Ja, es gibt die Kanzlerin, weibliche Abgeordnete im Deutschen Bundestag und Ministerinnen. Die Politikwissenschaftlerin Corinna Kröber erklärt, warum Frauen in Deutschland politisch trotzdem überwiegend in der zweiten Reihe stehen.
Die Finnin Sanna Marin ist mit 34 Jahren die jüngste Regierungschefin der Welt. Auch der Rest der Regierung in Finnland ist so jung und so weiblich wie nie zuvor. In dem Land gibt es seit 1995 eine Frauen- und Männerquote in staatlichen Gremien. Im Deutschen Bundestag sind nur 31,2 Prozent der Abgeordneten Frauen. Der Anteil war schon mal höher und hat sich in dieser Legislaturperiode wieder verschlechtert.
Quoten wirken in Parteien
Sechs von 15 Ministerien werden von Ministerinnen geführt. Die Politikwissenschaftlerin Corinna Kröber arbeitet zu dem Thema. Sie stellt fest, dass es auch heute noch systematische Barrieren Frauen daran hindern, in der Politik erfolgreich zu sein.
"Im Bundestag haben Frauen nur faire Chancen, wenn sich Parteien durch Quoten verpflichten."
In der Regierung sind im Moment zwar sieben von 16 Mitgliedern weiblich, aber Ministerien, die besonders einflussreich sind, werden alle von Männern angeführt. Etwa: Finanzen, Wirtschaft, Auswärtiges.

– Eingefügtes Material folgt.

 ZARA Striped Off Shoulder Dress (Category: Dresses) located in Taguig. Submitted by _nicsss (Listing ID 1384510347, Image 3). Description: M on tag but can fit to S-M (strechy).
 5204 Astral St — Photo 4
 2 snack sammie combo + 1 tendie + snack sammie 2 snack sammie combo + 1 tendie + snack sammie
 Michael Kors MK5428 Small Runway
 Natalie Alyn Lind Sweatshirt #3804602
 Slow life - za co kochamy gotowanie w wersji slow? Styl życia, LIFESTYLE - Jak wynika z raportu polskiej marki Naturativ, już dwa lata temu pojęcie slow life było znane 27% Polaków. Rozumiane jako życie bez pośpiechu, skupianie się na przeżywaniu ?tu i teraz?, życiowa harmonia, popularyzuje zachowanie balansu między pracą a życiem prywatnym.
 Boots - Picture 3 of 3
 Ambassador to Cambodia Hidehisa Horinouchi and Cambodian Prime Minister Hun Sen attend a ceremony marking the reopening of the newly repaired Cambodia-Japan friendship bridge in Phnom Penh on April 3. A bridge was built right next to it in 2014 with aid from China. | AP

Frauen in der zweiten Reihe
In weniger sichtbaren Ministerien sind durchaus auch Frauen am Werk: Familie, Bildung und Forschung oder Justiz. Besonders niedrige Frauenanteile zeigen sich in südeuropäischen und osteuropäischen Ländern.

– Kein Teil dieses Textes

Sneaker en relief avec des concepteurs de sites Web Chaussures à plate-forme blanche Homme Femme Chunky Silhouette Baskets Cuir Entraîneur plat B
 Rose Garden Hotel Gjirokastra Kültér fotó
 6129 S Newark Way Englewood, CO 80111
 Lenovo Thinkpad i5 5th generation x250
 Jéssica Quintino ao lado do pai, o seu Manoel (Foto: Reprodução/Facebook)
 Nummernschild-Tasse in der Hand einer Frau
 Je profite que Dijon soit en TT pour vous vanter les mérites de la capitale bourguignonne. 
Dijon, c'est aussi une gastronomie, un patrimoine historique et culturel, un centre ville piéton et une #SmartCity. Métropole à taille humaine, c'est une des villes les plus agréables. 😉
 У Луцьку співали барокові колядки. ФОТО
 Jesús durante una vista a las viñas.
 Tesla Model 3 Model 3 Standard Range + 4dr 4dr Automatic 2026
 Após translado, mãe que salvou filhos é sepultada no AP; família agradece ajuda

"Schlusslicht ist momentan Griechenland mit nur zwei Ministerinnen in den Ressorts Bildung und Kultur und Sport."
Finnland ist hingegen, wie eigentlich alle skandinavischen Länder, ein Vorreiter beim Thema Geschlechtergleichheit. Das fängt schon in der Gesellschaft an. Beruf und Familie lasse sich dort besser verbinden.
"Wenn man der Meinung ist, Mann und Frau haben gleiche Aufgaben und gleiche Fähigkeiten, dann haben sie auch die gleiche Fähigkeit, Politik in jedem thematischen Bereich zu machen."

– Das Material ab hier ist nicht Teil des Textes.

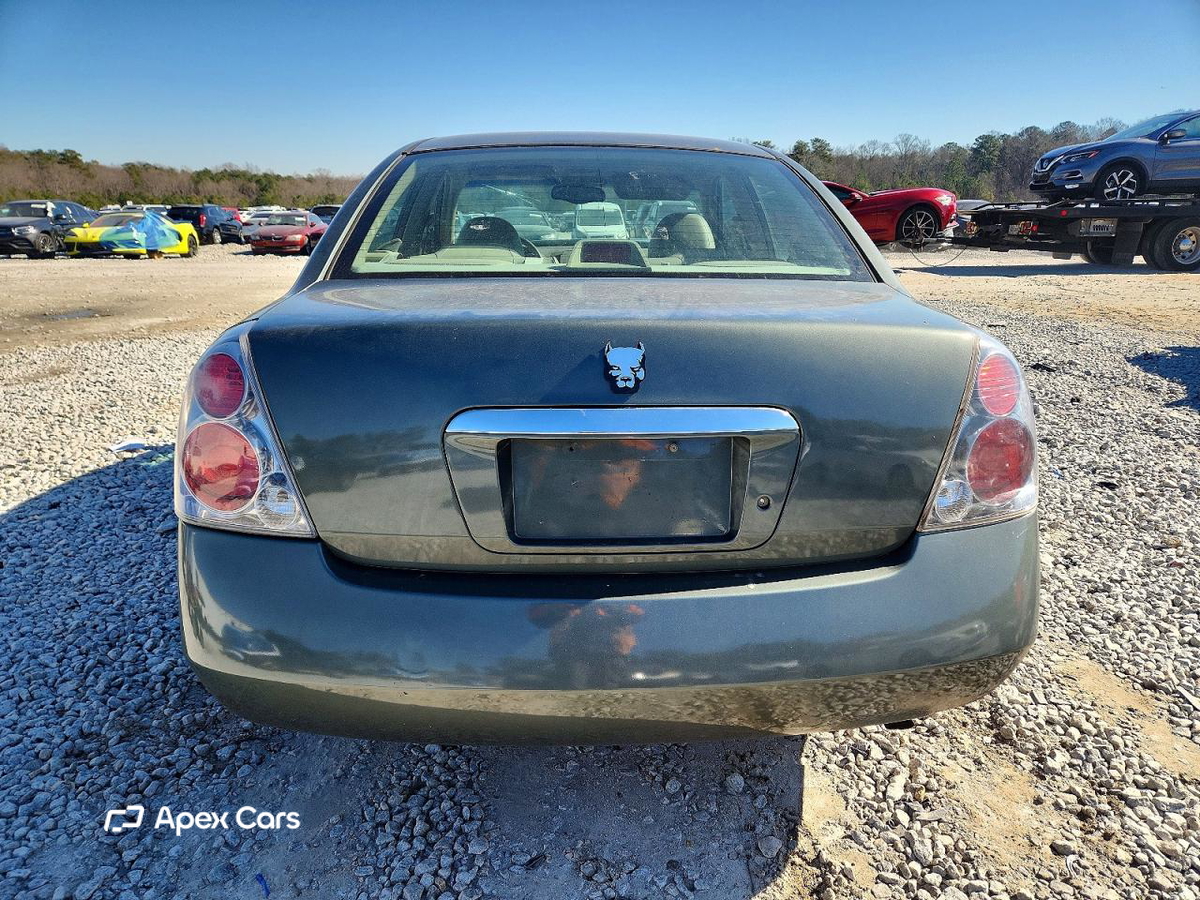 Nissan Altima 2005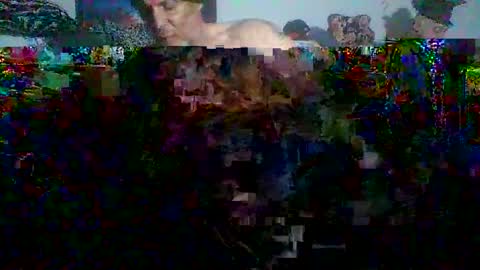 Snapshot of suckitu812 chatting on 10.09.25 SUCKITU812 online show from 10.09.25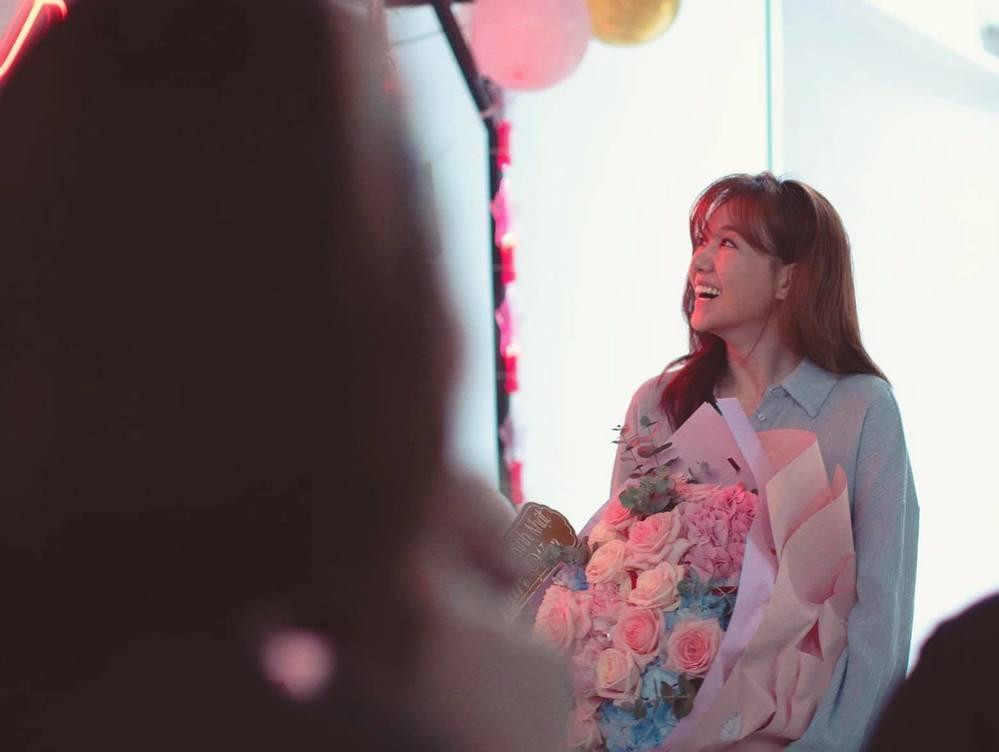 Nữ ca sĩ bất ngờ với bữa tiệc sinh nhật mà mọi người dành cho mình. Nữ ca sĩ bất ngờ với bữa tiệc sinh nhật mà mọi người dành cho mình.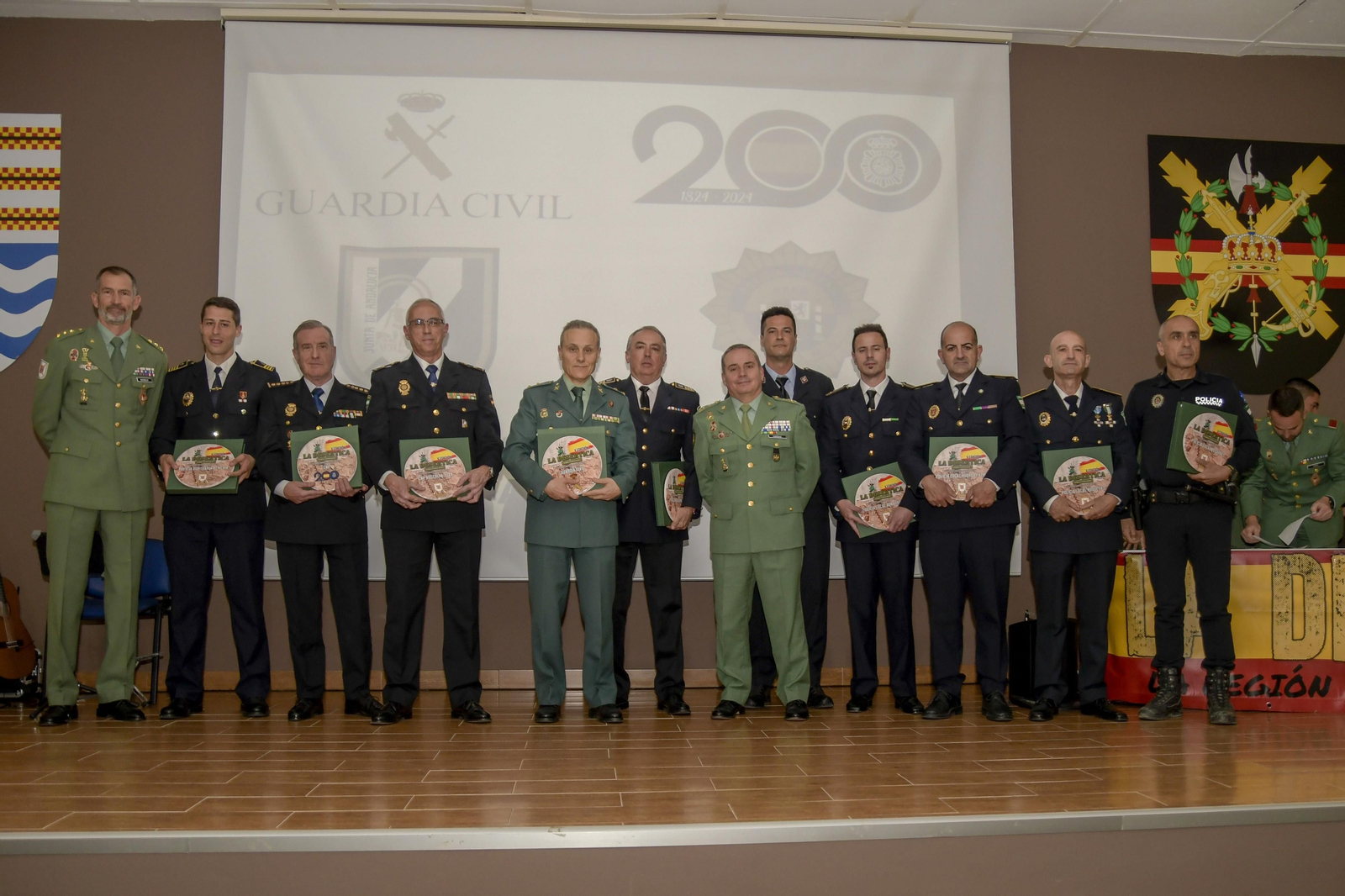 Algunos de los premiados durante la gala de clausura de la quinta edición de La Desértica.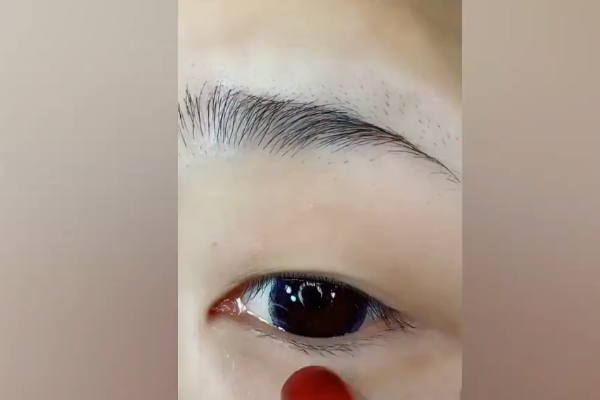 美瞳怎么戴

Grundsätzlich vertreten Frauen im Bundestag eher die Interessen ihrer jeweiligen Partei, sagt Corinna Kröber. Es gibt aber Ausnahmen: immer dann, wenn die Interessen systematisch mit dem Geschlecht zusammenhängen.
Das geschieht auf Feldern, in denen Erfahrungen eine Rolle spielen, die Männer so nicht machen. Männer können das eventuell nicht nachvollziehen, hätten diese Probleme nicht auf dem Schirm, sagt Corinna Kröber.
Als Beispiele nennt sie:
- Altersarmut
- Frauengesundheitsvorsorge
- Kinderbetreuung
Sie findet es wichtig, dass Frauen mit breiten politischen Meinungen in allen Parteien im Bundestag vertreten sind. Ein zahlenmäßiges und machtmäßiges Gleichgewicht wird sich nicht von selbst einstellen, vermutet Corinna Kröber, auch wenn nun sogar in der CSU eine feste Frauenquote diskutiert wird.
"Ich glaube, von selbst passiert das nicht. Da müssen wir schon nachhelfen – mit Regelungen wie Quoten. Meine Vermutung wäre, dass das in Zukunft irgendwann passiert, aber nicht in absehbarer Zeit."